Schiaparelli is credited for another important excavation: that of the complete, never-opened tomb of Kha, a royal architect, and his wife Merit who lived during the 18th Dynasty (approximately 1350-1440 BCE). All the funerary items he found are preserved in the Egyptian Museum of Turin, which has the second best collection in the world, after Cairo, enriched by Schaparelli’s many years of excavation in Egypt.
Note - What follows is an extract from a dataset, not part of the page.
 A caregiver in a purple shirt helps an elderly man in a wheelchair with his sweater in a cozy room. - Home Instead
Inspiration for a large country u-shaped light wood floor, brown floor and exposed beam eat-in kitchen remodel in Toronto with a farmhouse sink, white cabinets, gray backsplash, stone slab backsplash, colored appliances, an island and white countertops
Nefertari’s tomb quickly became famous in 1904, contributing to the “Egyptomania” of the turn of the 20th century. It is one of the best preserved tombs, with brightly-coloured wall paintings showing the queen’s final voyage from death to the underworld, guided by various guardian-spirits and deities. Along her side, we recognize Isis, Hathor and Osiris, among many other fascinating characters in the unending pantheon of Egyptian gods. These facts earned the tomb the eponym: “Sistine Chapel of Pharaonic History”.
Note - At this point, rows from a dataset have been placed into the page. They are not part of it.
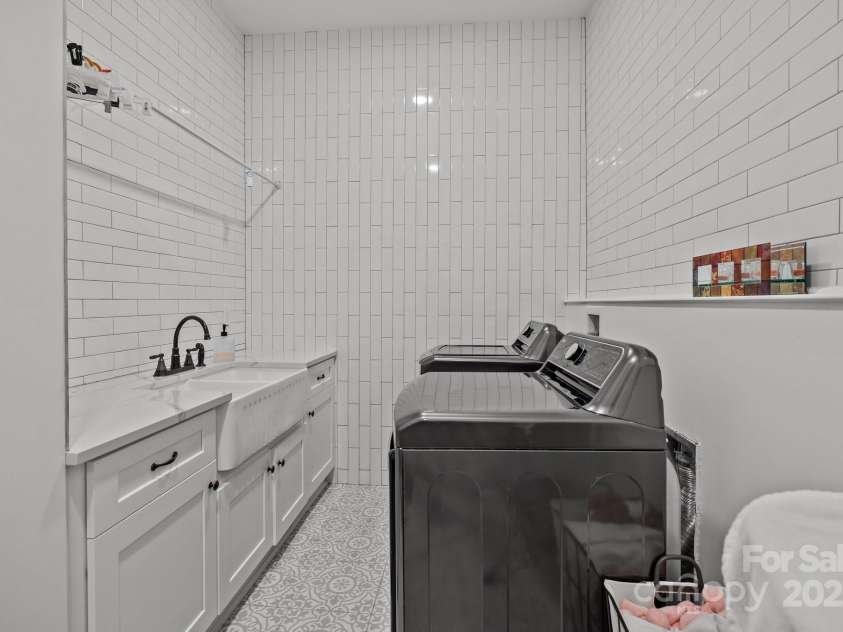 2117 Middlebridge Court, Fort Mill, SC 29715.  MLS# CAR4270419, YatesRealty ID 2642. Rear laundry room at main level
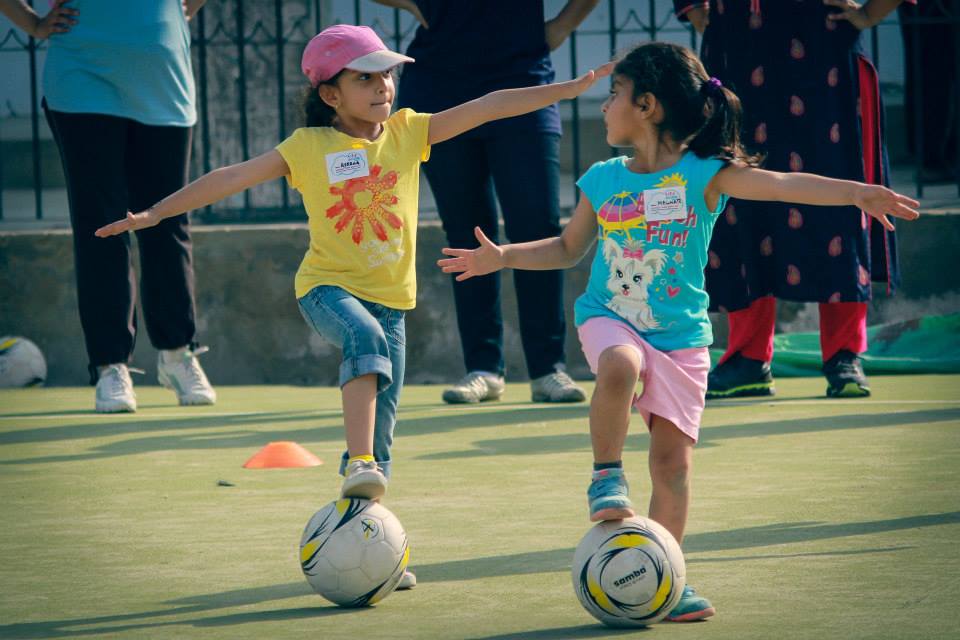 Two young players engage in a skills drill at a GO GIRL Pakistan camp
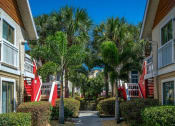 Thumbnail 44 of 60 - Fusion Orlando apartments pathway between buildings lined with lush bushes and palm trees. Red staircases lead up to second story.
In 1998, the tomb was saved from deterioration by an international team of archaeologists and restoration workers who undertook the restoration of the tomb. Salt deposits and rainwater damage over past centuries had ruined the plaster layers, which were in urgent need of remediation.
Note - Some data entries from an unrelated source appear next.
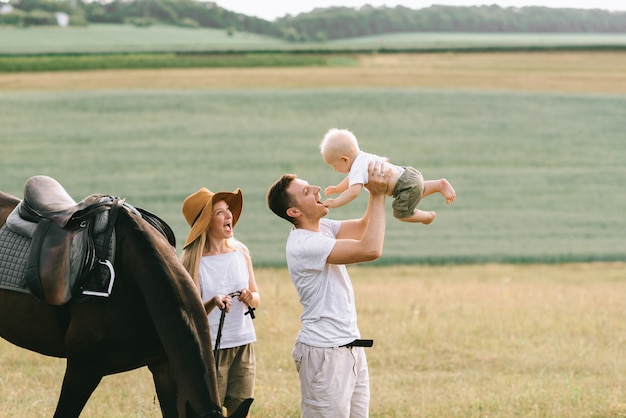 Uma família jovem se diverte no campo. pais e filho com um cavalo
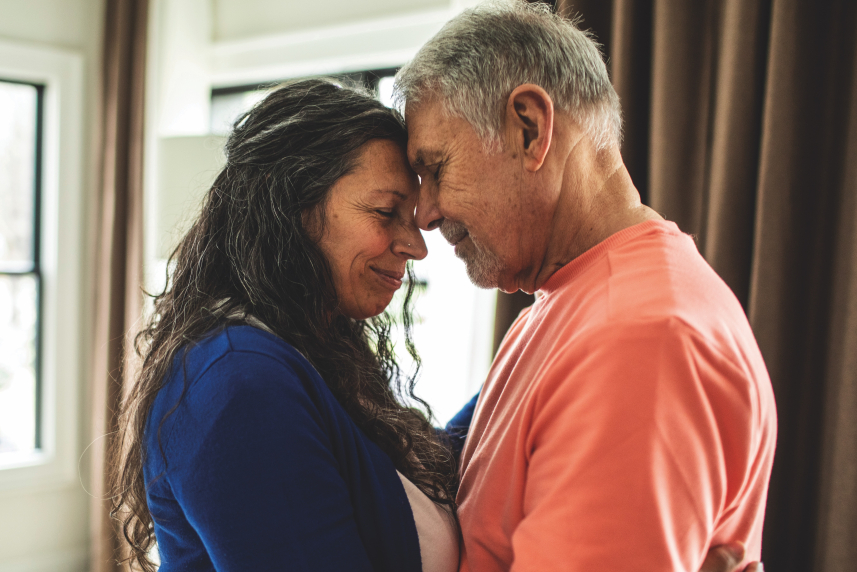 A man and woman standing with their foreheads touching.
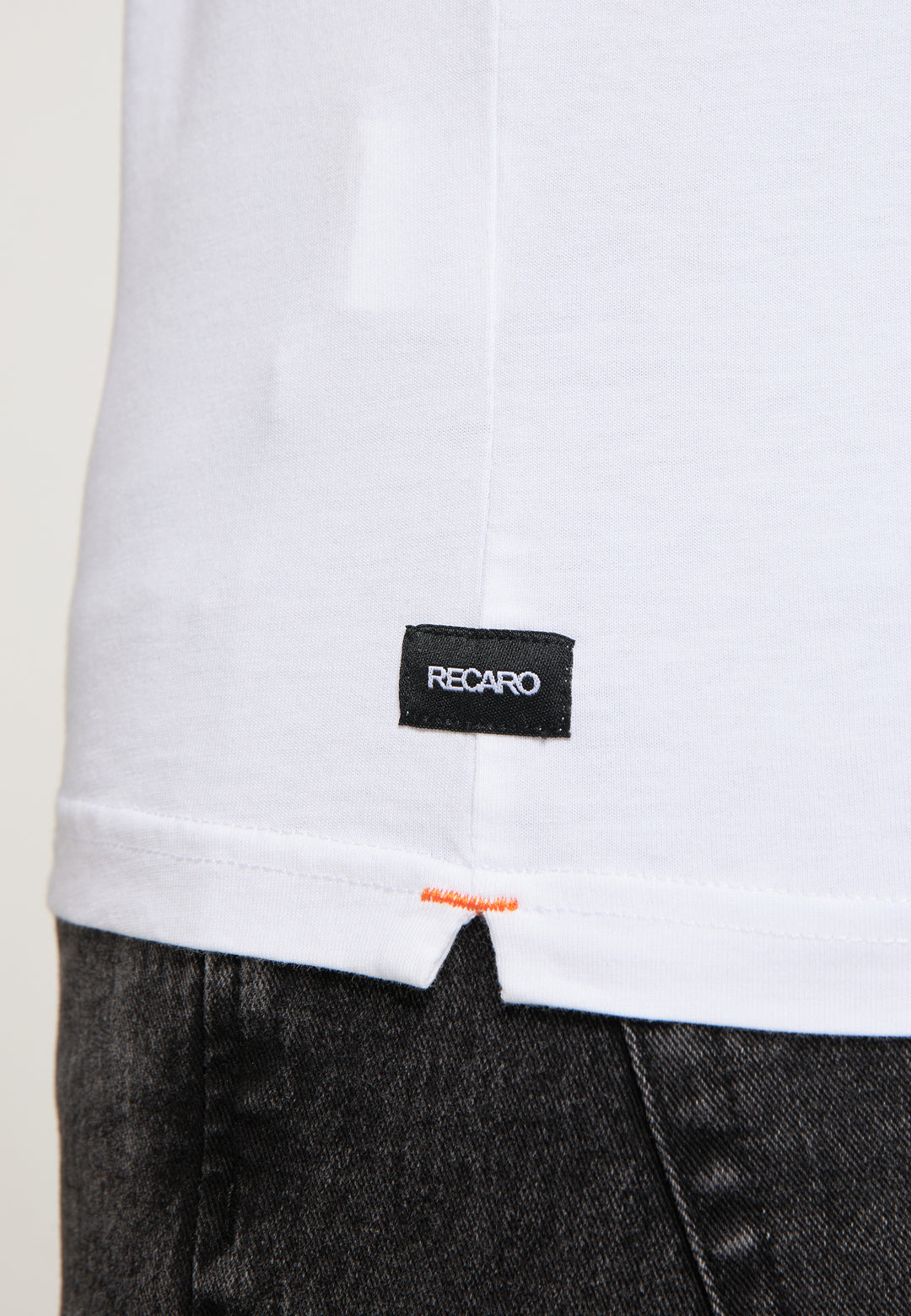 Nahaufnahme des unteren Teils des weißen T-Shirts Originals RECARO von Recaro_Merch_Daniel, Regular-Fit-Baumwolle, mit einem kleinen schwarzen RECARO-Etikett in der Nähe des Saums, getragen über dunkelgrauen Jeans.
References to Queen Nefertari were found all over Egypt, illustrating her reign. This may be explained by the fact that her son prince Amenhirkhepeshef was heir to King Ramesses’ throne. Nefertari’s parents are not known, but we do know that she was never accompanied by the titles associated to kings’ daughters, but rather those titles given to daughters of a noble. It is believed that she married Ramesses II before he became king. A letter by Nefertari was found among the royal archives of Queen Puduheba, in Bogazkoya, part of the ancient Hittite empire.

The Egyptian Museum in Cairo is marking the occasion of the 110th anniversary of the tomb’s discovery. Photographs will be displayed reproduced from the original photos of this historic event, in a format close to the original, allowing visitors to see the enlarged images of long ago for the first time. The photo exhibition also features images prior and following restoration by the Getty Conservation Institute, with current ones taken by photographer Sandro Vannini.

Tourism Minister Hesham Zaazou was quoted on the ministry’s website as saying that these “events have an important impact on promoting cultural tourism in order to assure stability and security in Egypt.” Italian archaeologists, trip organisers and media professionals representing Egypt and Italy have already attended festivities in Luxor in mid-October aimed at promoting tourism. In all, two photo exhibitions will be held, one at the Luxor Museum and one at the Egyptian Museum in Cairo.

A replica tomb is planned by the Supreme Council of Antiquities, reproducing even the small details along with all the wall inscriptions. Although needing painstaking work, when completed, this replica will allow tourists to experience first-hand how the tomb looks, without causing further damage to the original.